Not two weeks later, we sponsored a reward in support of the Friends of Louisville Metro Animal Services, for information concerning a Jack Russel Terrier, shot with an arrow in Fairdale, Kentucky. Sadly, she succumbed to her injuries despite the efforts to save her, and the person has not been found.
At about the same time, we offered a reward of up to $5,000 for information leading to the identification, arrest, and conviction of the individual(s) responsible for the abandonment of a puppy behind a Target store in Hagerstown, Maryland. She was emaciated and infested with parasites, but thanks to the great care of the Humane Society of Washington County, she survived and is gaining weight steadily.

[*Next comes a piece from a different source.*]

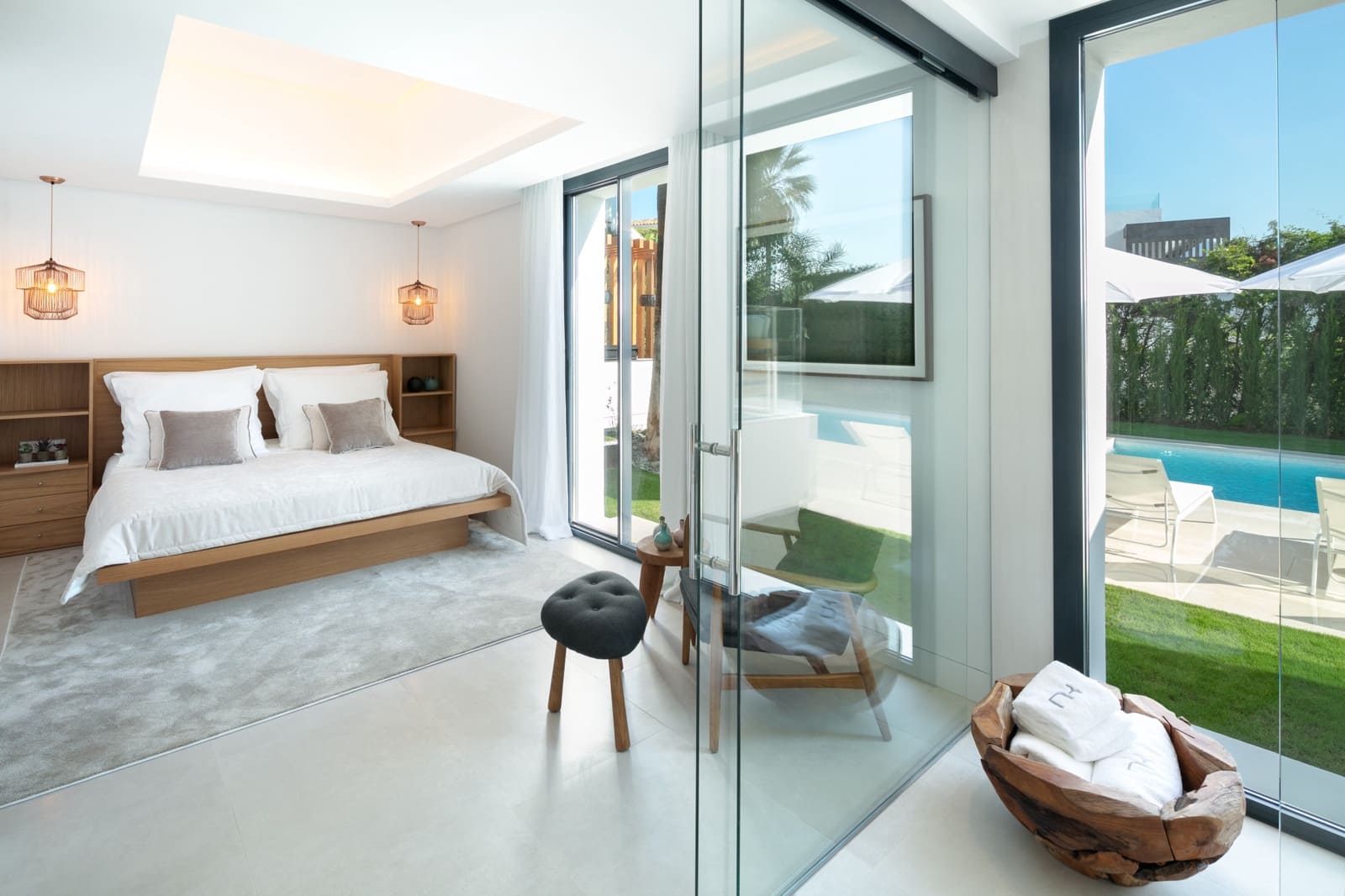 5 soveværelse Villa til salg i Marbella med swimmingpool garage - € 3.195.000 (Ref: 10066693)
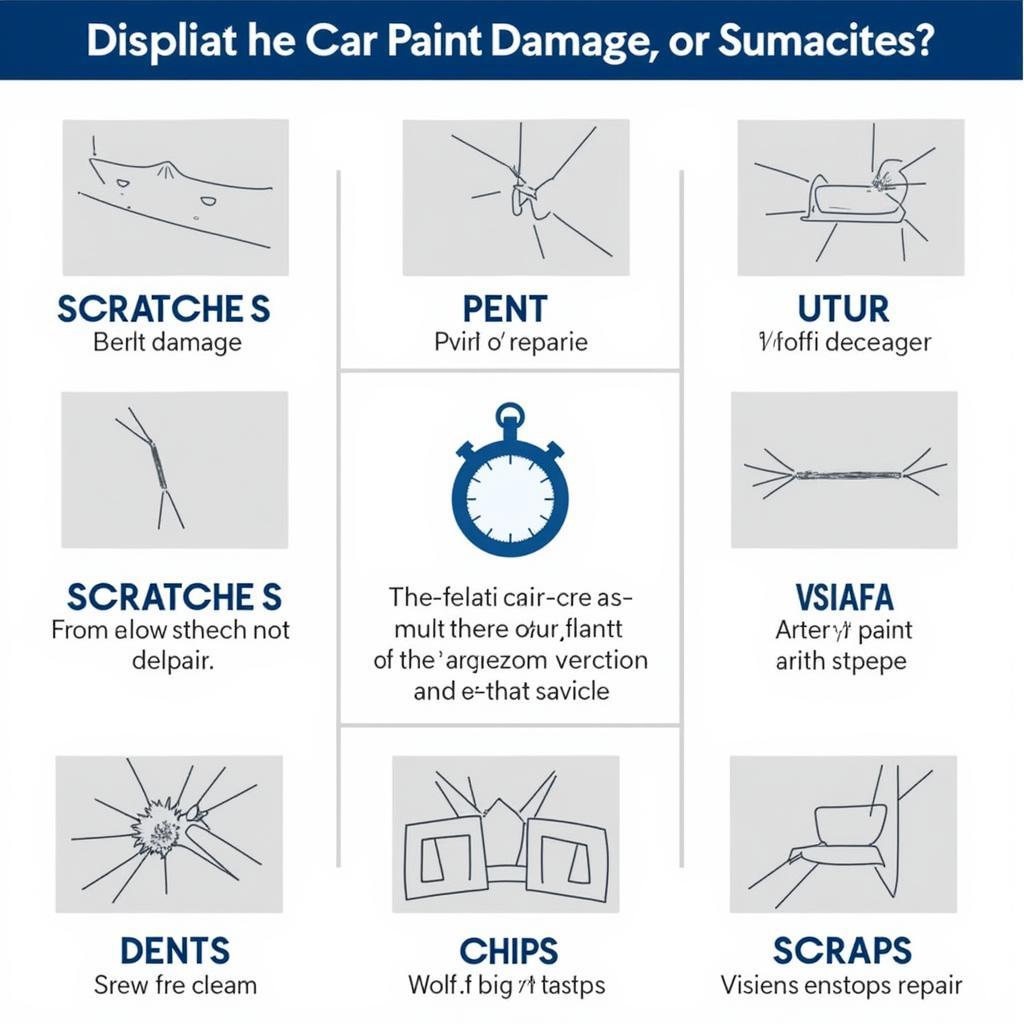 Types of Car Paint Damage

We also recently added $2,500 to the reward being offered by the Office of Law Enforcement of the National Oceanic and Atmospheric Administration in the case of a pregnant dolphin shot to death and found on a beach at Waveland, Mississippi.
These rewards are not the only touches we have with the plight of individual animals abandoned, mistreated, or at risk. It isn’t well known, but our own Animal Care Centers experience the same kind of challenges that local groups face when people leave companion animals—like dogs, cats, and even birds—in need at their gates. A couple of Saturdays back, in 90-degree heat, South Florida Wildlife Center staff members discovered five kittens in a closed foam cooler left outside their doors. The kittens were in critical condition and badly dehydrated. I’m glad to report that these animals are doing well at the Center, in anticipation of a transfer to Broward County Animal Care and Adoption for adoption in a few days.
Our founders saw a special role for The HSUS when they joined together in 1954 to create a new organization. They wanted to focus on the big picture, the large scale threats to animals, and the prevention of systemic cruelty that went beyond what local organizations could easily take on. But they were also involved with local animal care and service organizations, and mindful of the ever-present need for investigation, prosecution, and vigilance in the defense of individual animals at risk of terrible cruelty and neglect. And thanks to you, and your support for all of our programs, we remain involved and committed in such cases.